Wicket is one of these. Wicket Wystri Warrick was an Ewok scout, warrior, and later ruler of Bright Tree Village on the forest moon of Endor. The great-grandson of Erpham Warrick, Wicket was the third son of Deej and Shodu Warrick, following Weechee and Willy, and was the older brother of Winda. None of that description was meant to be cute but somehow it managed to turn super cute toward the end.
Here is the conversation between the designer of Shasha Tiel and George Lucas. I swear to you this is real and not something I made up just for the hell of it because I am super bored:
Designer: George, I just finished with that coral reef lizard grumpy bird monster who you wanted to look "high as fuck".
Lucas: Hooray! I am happy as an apple being thrown at a wolf.
Designer: What's this guy going to be called anyway?
Lucas: This "guy" is a "gal", my gentle sir. Her name is Shasha.

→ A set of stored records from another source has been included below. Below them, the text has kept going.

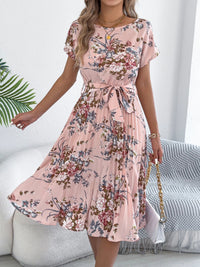 SaneShoppe - 2025 Retro Floral Pattern Printed Dress Woman Elegant Spring Summer Round Neck Lace Up Short Sleeve Dress
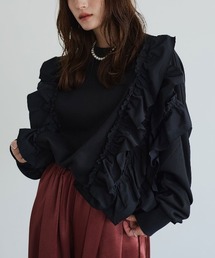 ビッグフリルロングスリーブスウェットプルオーバー / Long-Sleeve Sweatshirt Pullover with Large Ruffles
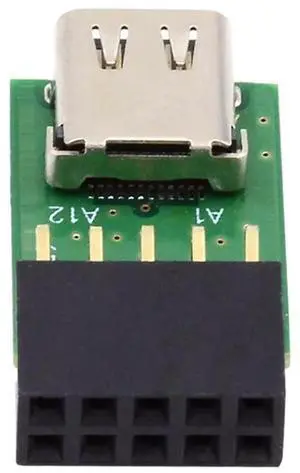 AJMRTC USBC Female Single Port Adapter PCBA, USB 3.1 TypeC Female to USB 2.0 Motherboard 9Pin 10Pin Header Converter 480Mbps, Internal Front Panel Connector Board for Desktop PC Motherboard Moddin AJMRTC USBC Female Single Port Adapter PCBA, USB 3.1 TypeC Female to USB 2.0 Motherboard 9Pin 10Pin Header Converter 480Mbps, Internal Front Panel Connector Board for Desktop PC Motherboard Moddin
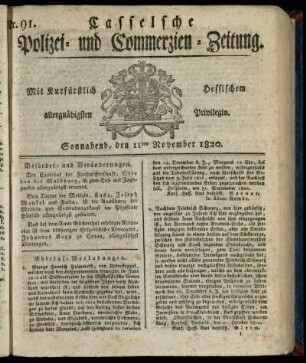 Nr. 91, Sonnabend, den 11ten November 1820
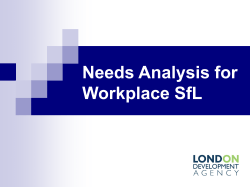 SfL Needs Analysis - an Overview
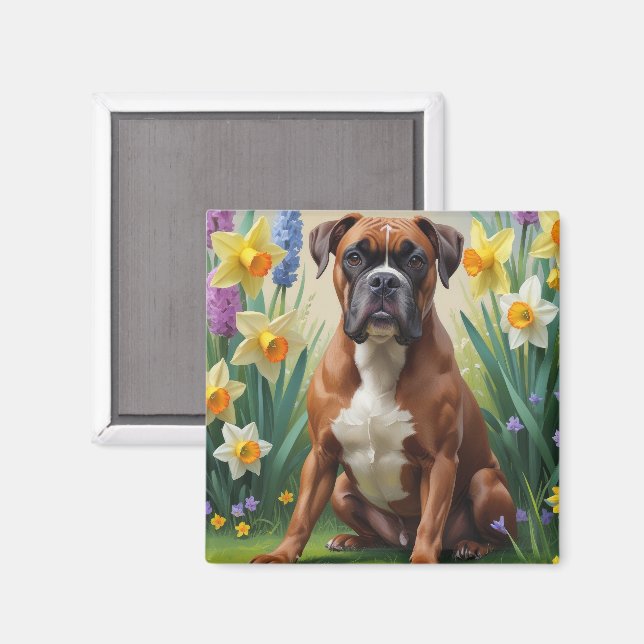 Íman Pintura de Flores de Primavera do Cão Boxer (Front/Back)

Designer: Shasha? Really? Not Mooptar or Bethesday or Naturd or something like that?
Lucas: Dare you question my vision? I shall give you a swat across the brow with my hand in hopes of teaching you some manners.
Designer: Your hands are so soft. (End Scene)
Shasha Tiel is an accountant.
Remember that huge update I promised. Well, I guess by huge I meant one. I have a severe pen shortage so the drawings for today and tomorrow are done with a .5 pen, brush pen, and remnants of my .05 pen. So less details than what you might be used to but thats the way it has to be. I personally hate using the larger gauges but I needed to get something done.
What I got done was Leslomy Tacema. Leslomy Tacema was a female Duros. She was seen on both Mos Eisley and in Jabba's Palace. Don't remember this beauty from jabba's Palace? Neither do I. Here is why:
See that lump in the back? That's Leslomy.
What this screen shot is is a testament to geeks who have way too much time on their hands so they obsessively scour backgrounds and write down who was in them. How did they know this was Leslomy and not some other Duros? Well, I have no idea. I guess I will just have to trust them and pray they never respond with one of those really informative but long winded responses as to how they know such facts that make me sad I like the same things they do.
Also, what the hell is going on in this shot? What part of the Gamorrean guard is Lando's face touching? Please let it be crotch. I mean... I have no desire to see Billy Dee Williams pleasuring a porcine humanoid while various species of aliens look on. Um, bye.